Тринадцатилетнего Ники забавляло, что у него есть семилетний дядя. Он не понимал всего в отношениях родителей и деда, но Гогу пожалел и похвалил его за смелость и ловкость. Тот расцвел от слов Ники и не отходил от него. Впрочем, маленькие великие князья и княжны были приучены вести себя церемонно и не слишком расходились.
О силе эмоций, переживаемых в тот вечер членами императорской семьи, дает представление диалог брата царя Михаила и его жены Ольги Федоровны. Чувства настолько переполняли их, что они начали разговор в карете в присутствии сына Сандро, чего ранее никогда себе не позволяли.
– Что бы ты ни говорил, – возбужденно сказала Ольга Федоровна, – я никогда не признаю эту авантюристку. Я ее ненавижу! Она достойна презрения… Как смеет она в присутствии императорской семьи называть Сашей твоего брата!
– Ты не хочешь понять, – мягко отвечал Михаил Николаевич, – не хочешь понять до сих пор, моя дорогая, хороша она или плоха, но она замужем за государем. С каких пор запрещено женам называть уменьшительным именем своего законного мужа? Разве ты называешь меня «ваше императорское высочество»?
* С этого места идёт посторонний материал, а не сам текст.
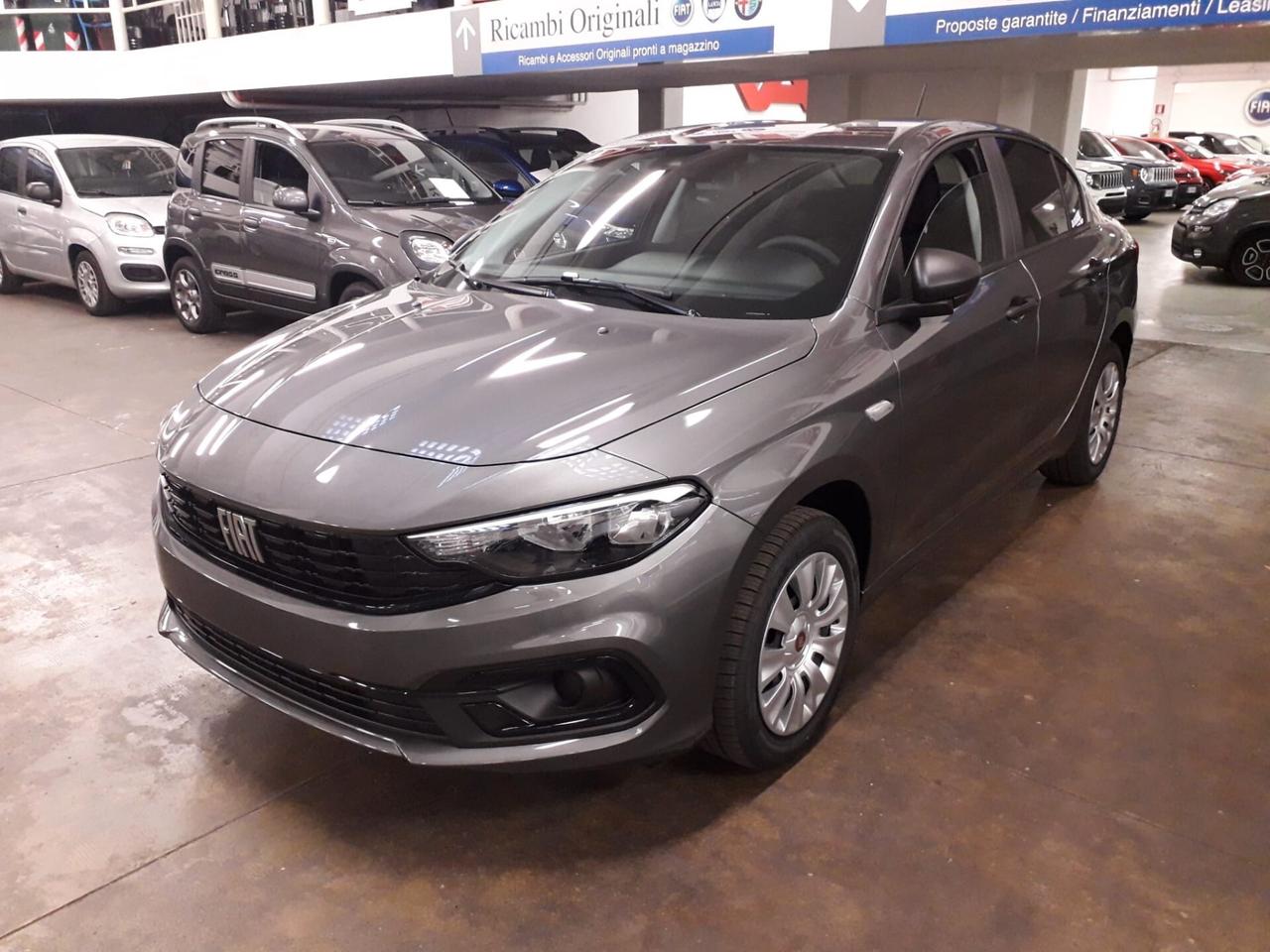 Fiat Tipo 1.0 4 porte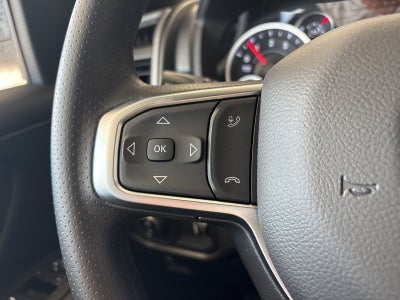 2026 RAM Ram 1500 RAM 1500 EXPRESS CREW CAB 4X2 5'7' BOX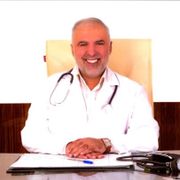 دکتر فرهاد غریب دوست
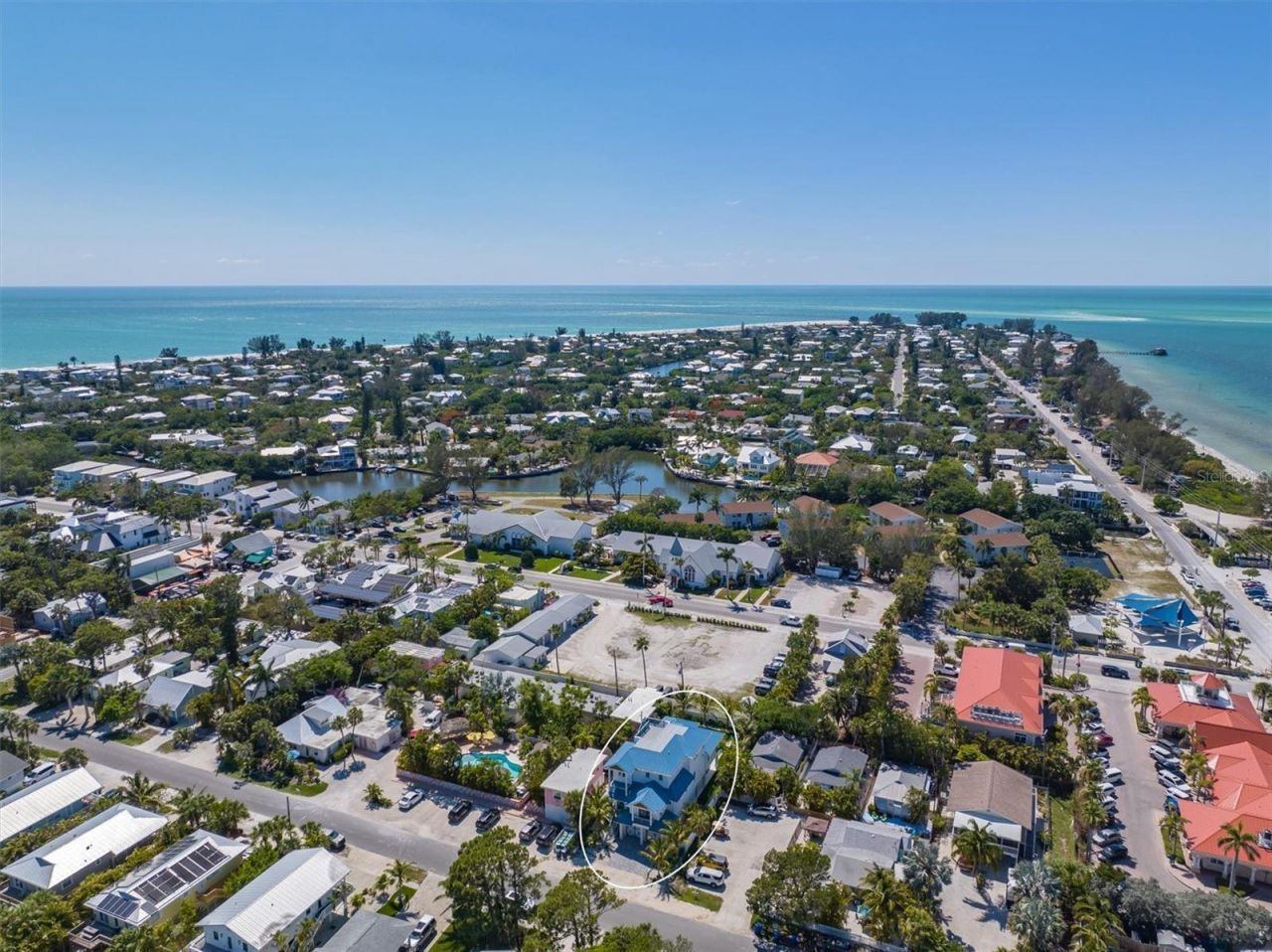 518 Spring Avenue, Anna Maria, FL 34216 Photo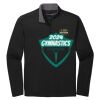 FW Bourbon - Silk Touch Performance 1/4 Zip Thumbnail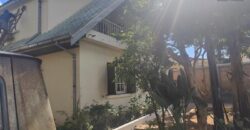 A louer une villa de type F5 située dans un quatier résidentiel calme à Talatamaty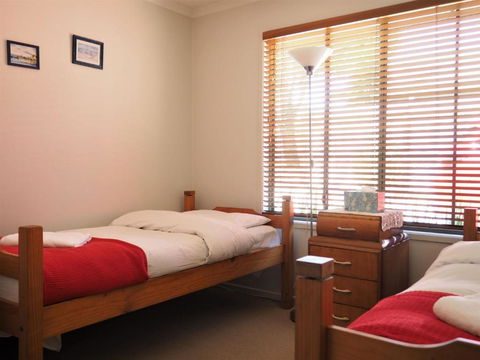 Sandhurst Escape 2 17 - Stayed 2
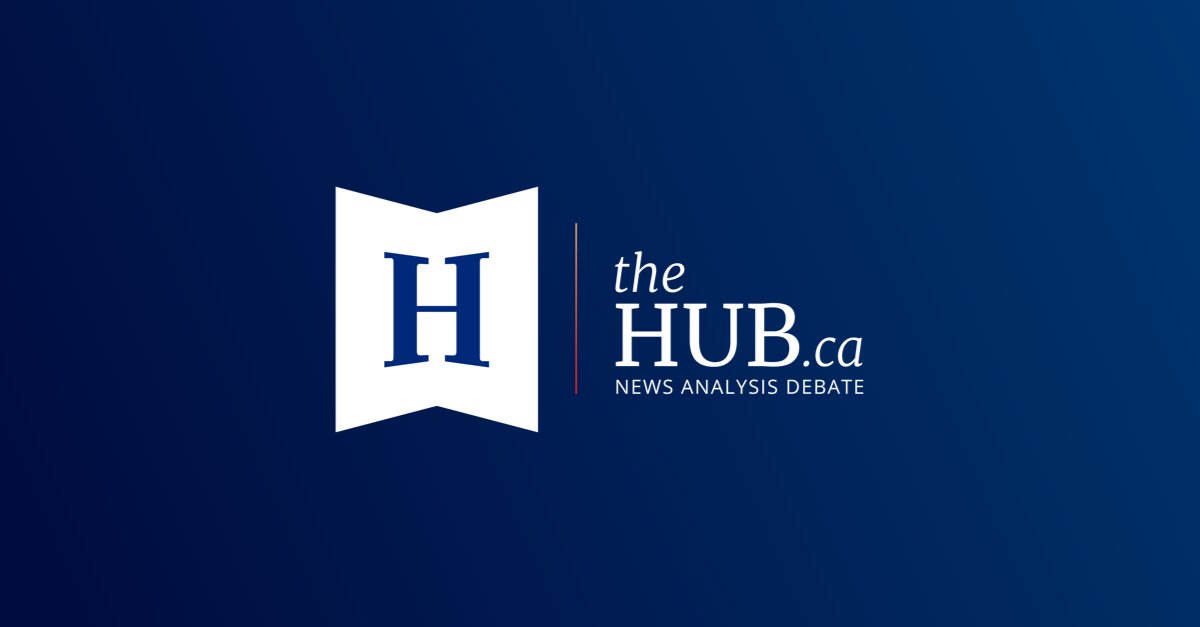 munkschool's tweet photo. Podcast: Hub Dialogues are in-depth conversations about big ideas from the worlds of business, economics, geopolitics, public policy, and technology.

Episode 1 features Munk School senior fellows @Sean_Speer and @acoyne. 

https://t.co/BebYog7ezb https://t.co/nQ4giQjkbK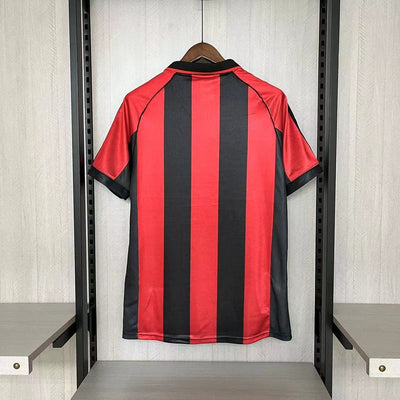 AC Milan Retro 1998/99 Casa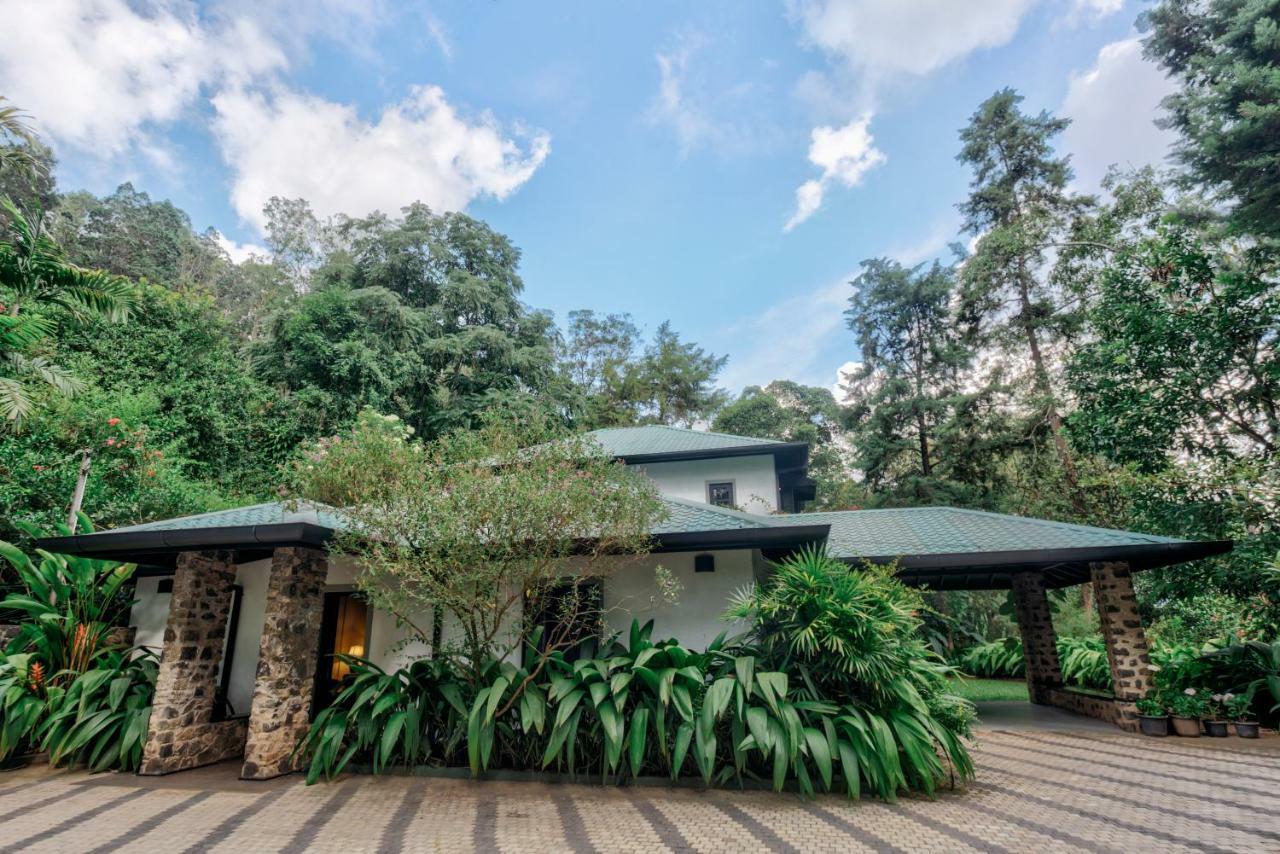Villa Republic 班德勒韦勒 外观 照片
Но Ольга Федоровна не приняла шутливого тона:
– Как можно делать такие глупые сравнения! Я не разбила ничьей семьи. Я вышла за тебя замуж с согласия твоих и моих родителей! Я не замышляю гибели империи!
Тут великий князь оставил кротость:
– Я запрещаю тебе повторять эти позорные сплетни! Будущей императрице всероссийской вы и все члены императорской семьи, включая наследника и его супругу, должны и будете оказывать полное уважение! Это вопрос конченый!
Из диалога в карете следует, что Александр Николаевич обсуждал, хотя бы и в предварительном порядке, с братьями вопрос о возможности коронования Кати. Константин высказался положительно, Николай неопределенно, а Михаил по слабости характера так, как хотелось государю. Единственное, что удерживало Александра Николаевича от решения возложить на голову Кати большую императорскую корону, было резкое несогласие наследника и скрытая оппозиция высшего света.
Петр Александрович Валуев на одном из царских обедов в декабре 1880 года увидел за столом светлейшую княгиню Юрьевскую и был разочарован ее манерами. «Впечатление печальное, – записал он в дневник. – Видимо, с одной стороны, последствия долгого полузатворничества и полуотчужденности от света, с другой – следы привычки, притупляющей впечатлительность, и последствия решимости не давать себе ясного отчета в свойстве созданного положения».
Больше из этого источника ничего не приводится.